Some farmers have a coop that has a fenced area attached to the coop, this is considered free range. The problem that I see with this is that the grass won't have time to regrow before the chickens eat it down. Over time you will have a bare area with no grass and few bugs, not only does this make for unhealthy soil, the hens don't benefit. That being said there are some farmers that have multiple fenced in areas that they can rotate, some call these fenced areas runs.

Another farmer might have hens that run around the yard eating grass and bugs, they have free range of the farm. Not pastured just able to run free. This I see as the same benefit as pastured.

Next we can talk eggs.


Anne said...

Great post! Very true people are starting to want to know where their food is coming from, and many even are trying to grow some of it themselves.
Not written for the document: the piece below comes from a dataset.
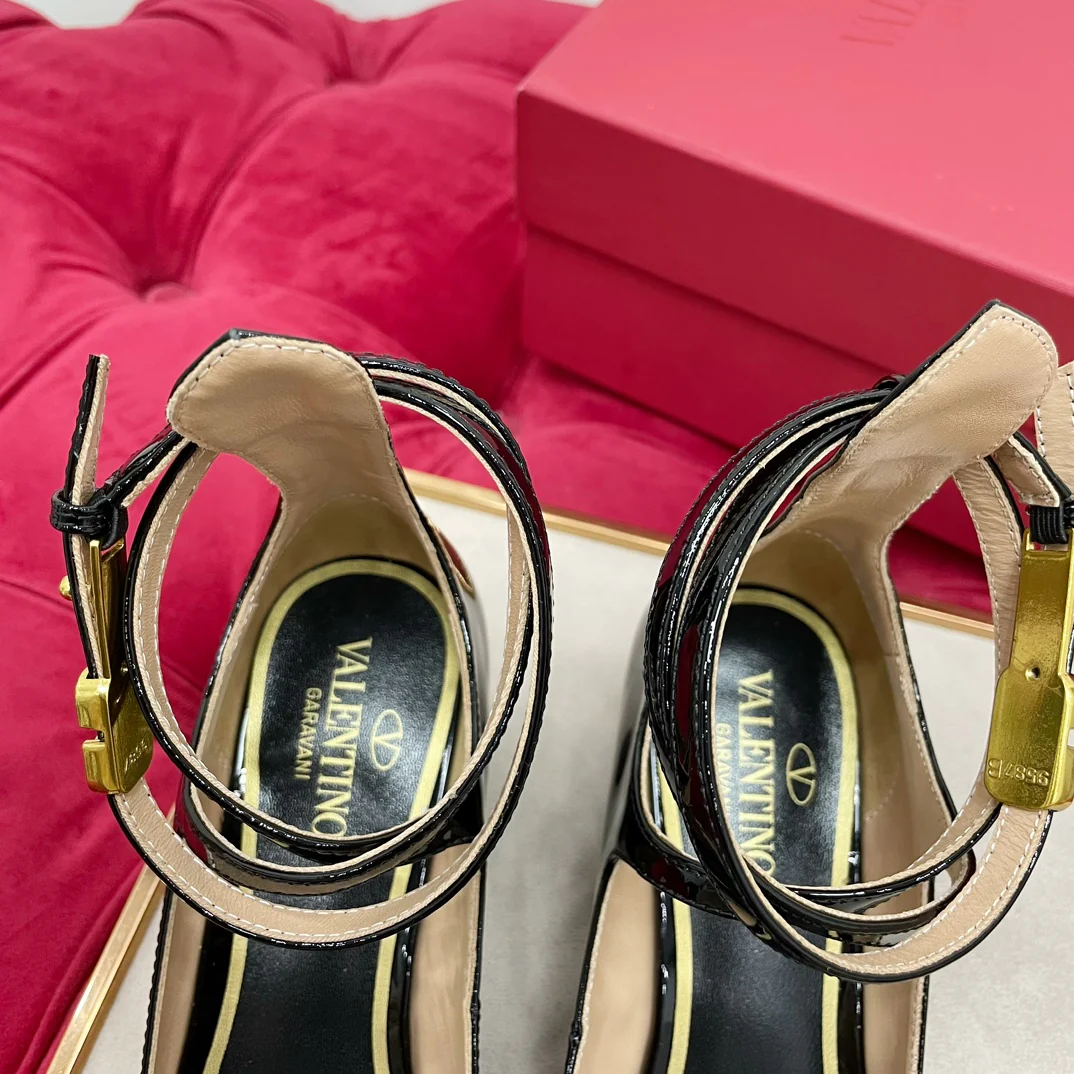 Новинка весенней коллекции Valentino 2023 года - сандалии Мэри Джейн из лакированной кожи.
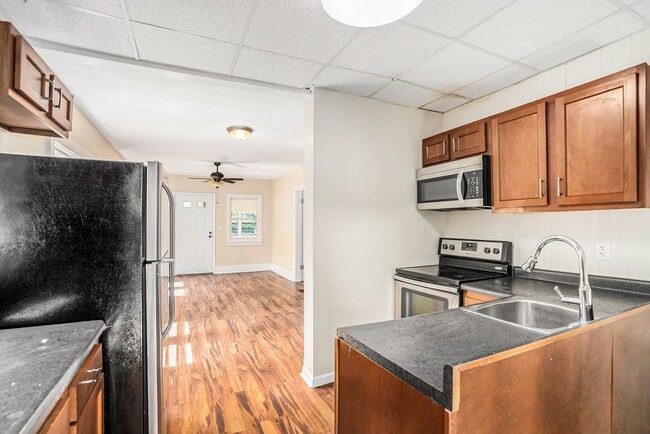 Building Photo - $1350 Eastwood 2-Bed/1-Bath Ranch, Basement, Large, Fenced yard - Ask about our no security depos...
Always a good thing!

Also why I have 36 cheeping peeps in my bathroom. lol They hopefully will be the start to my bug-eating brigade on a 20 acre farm and with any luck.. adding some on the 80 acre farm next year.

The Peterson Family said...

Thanks Anne!
Good luck with the chicks! We also used to have ducks, I loved seeing them waddle all over the farm- and their eggs were fantastic for baking!

Anne said...

*Sigh* I really wish we could just adopt you guys. We are attempting to do a similar thing, but unfortunately also the same situation in that the family farm is not ours... and worse lol.. we have to commute.. to both farms. Your working knowledge and ethics are inspiring, amazing, and how things should be. I love reading your blog and I really truly hope you guys get a farm of your own.

One keet discovered how to fly out of the brooder.. at 4am today. Now all of the guinea hoodlums are out.

Just trying to get one farm going sometimes seems impossible.

The Peterson Family said...

Thanks Anne- maybe we should put ourselves up for adoption!!
I had this romantic idea how the family would be so proud of us and want us to be successful. I am finding that there are so many people who are finding the same thing with family farms. I really don't understand it.
I hope you do not have to commute far.
Those guinea hens are crazy! We had 14 at one point! They were so fun to watch. Are you planning to eat them?

I hear ya, I can't imagine two farms!!

Anne said...

It goes against the teachings of the agricultural colleges. To step outside the combine has become an alien concept, but that is starting to change.. slowly. I think part of it is their sense of a loss of control. It breaks away from open fields in favor of smaller areas that are more productive.. although it seems all "the family" see is what has to be undone vs what has been achieved. That's what we are up against too. We're going at it in baby steps.. mainly due to finances, limited resources and family constructed hurdles. Yay.

Should we have a big enough flock.. they could be on the menu. The buffalo gnats have made it so we can't have them outside yet, and they are little Houdini-birds so we have to check on them all the time. This morning for example.. the brooder is still in our bathroom. I had to use the "throne" lol and the toilet paper is on a stand like holder. While reaching for the toilet paper.. I was surprised by Keet Richards (KR is a pied keet) who was busily unrolling it. Very Fred Flintstone moment. KR escaped yet again and was exploring. They also bust out and get on top of the shower curtain rod when you are in the shower.. and Kate (white keet) got into the cupboards in the bathroom as she loves shiny things like tweezers, mirrors, nail polish, and because cotton balls are exciting to run around with.

We're trying really hard to figure out what housing we can make with what we have. The old barn wood we intended on using.. we discovered much is too far gone due to rot, bugs, etc. Birdies may end up with a log cabin.

Did you have to deal with buffalo gnats? What set up did you have for your birds?

The Peterson Family said...

I have never heard of buffalo gnats- but the sound horrible! The laying hens had a movable coop- somewhere on the blog I have pictures. We took an old wagon, Chuck re-enforced the floor and the walls. Then he added a roof, roosts, and nest boxes. For the meat birds Chuck made a Joel Salatin type house. I can not imagine sharing my bathroom with the birds! When we raised our chicks we actually made a brooder and put it in an old silo- it worked perfect.